WHAT TO DO: Give back exactly the lines from the one that holds "Perché proprio a" through the final line of the data; omit the pictures and add nothing.

THE DATA:
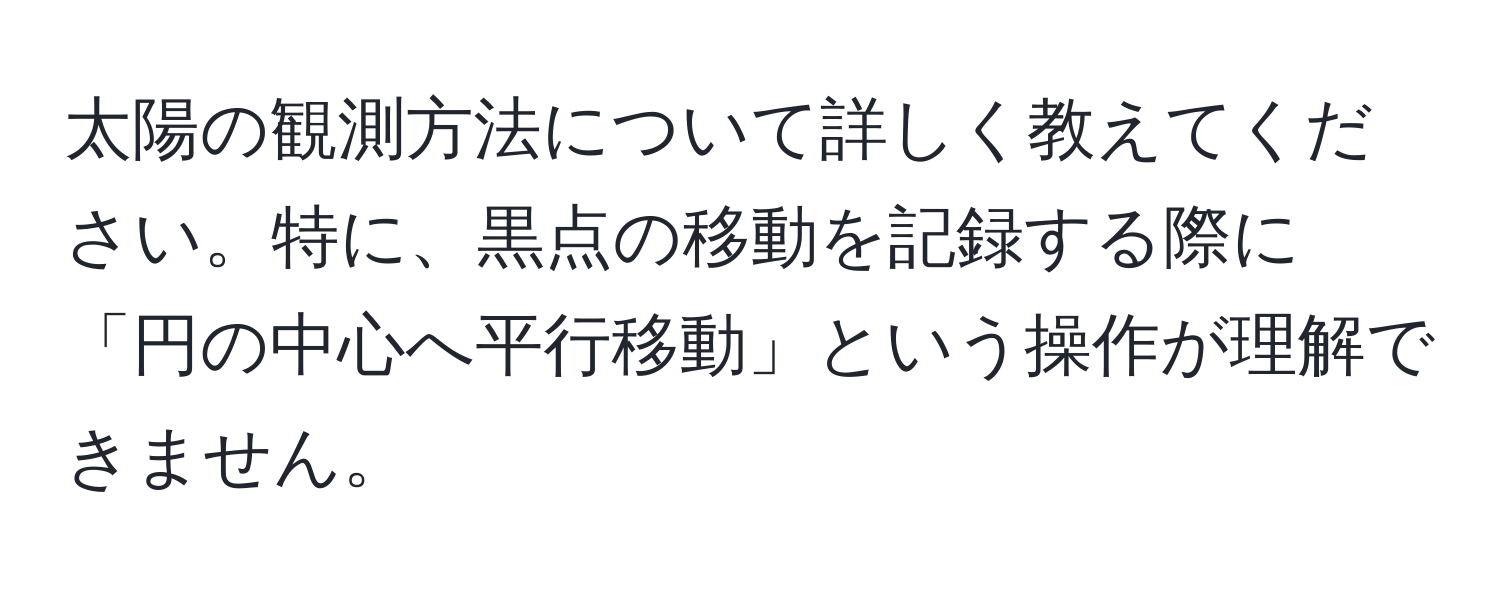 太陽の観測方法について詳しく教えてください。特に、黒点の移動を記録する際に「円の中心へ平行移動」という操作が理解できません。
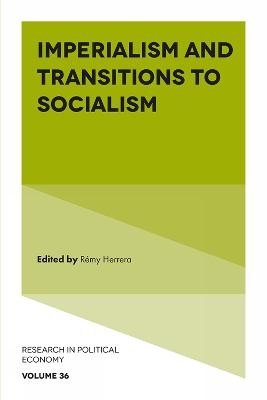 Imperialism and Transitions to Socialism - 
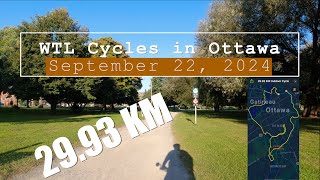 WTL Cycles 29 KM in Ottawa September 22 2024 4K [upl. by Feliks]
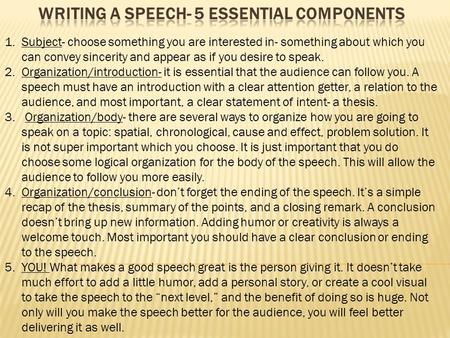 1.Subject- choose something you are interested in- something about which you can convey sincerity and appear as if you desire to speak. 2.Organization/introduction-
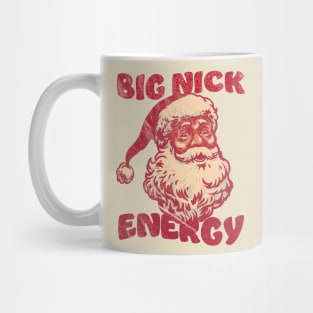 big-nick-energy Mug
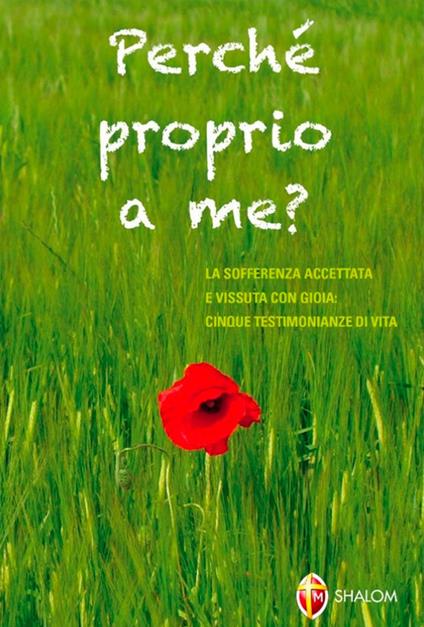 Perché proprio a me? La sofferenza accettata e vissuta con gioia: quattro testimonianze di vita - Lino Salvi,Stelvio Sagrati,Simona Romagnoli - copertina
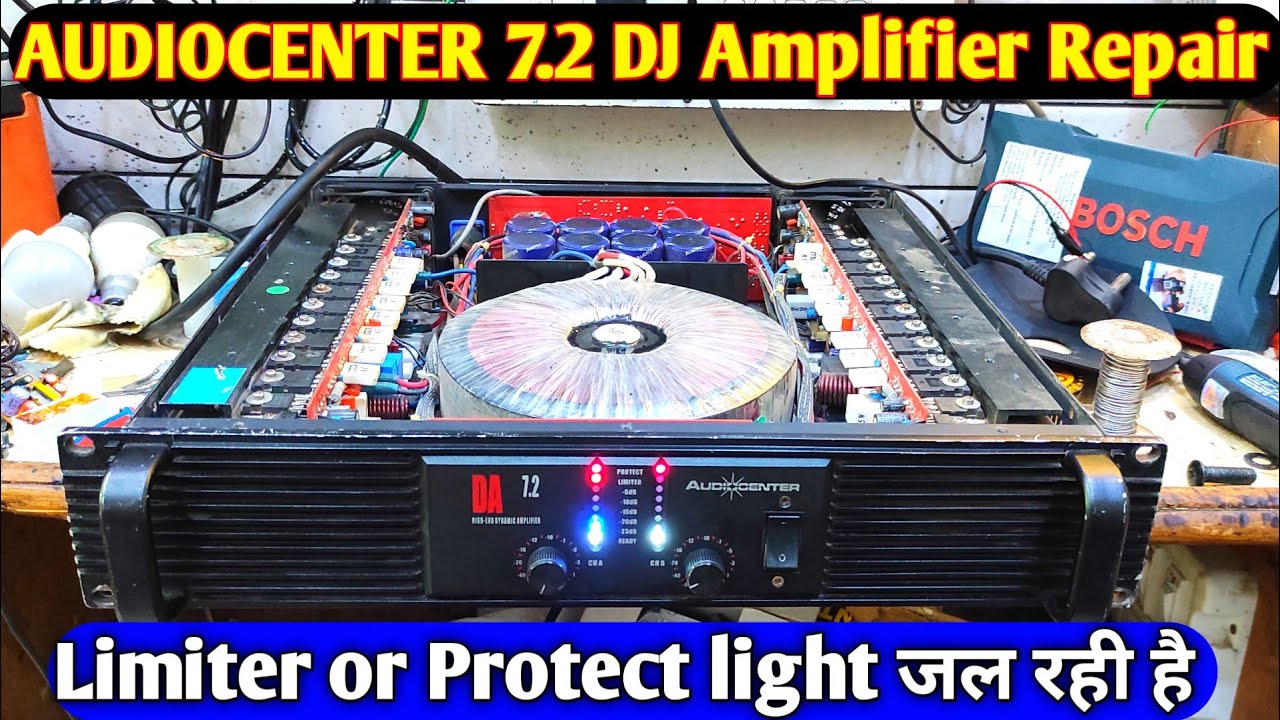 Audiocenter DA 7.2 Dj Amplifier Repair | Limiter, protect light glow ...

RESPONSE AREA:
 Perché proprio a me? La sofferenza accettata e vissuta con gioia: quattro testimonianze di vita - Lino Salvi,Stelvio Sagrati,Simona Romagnoli - copertina
 Audiocenter DA 7.2 Dj Amplifier Repair | Limiter, protect light glow ...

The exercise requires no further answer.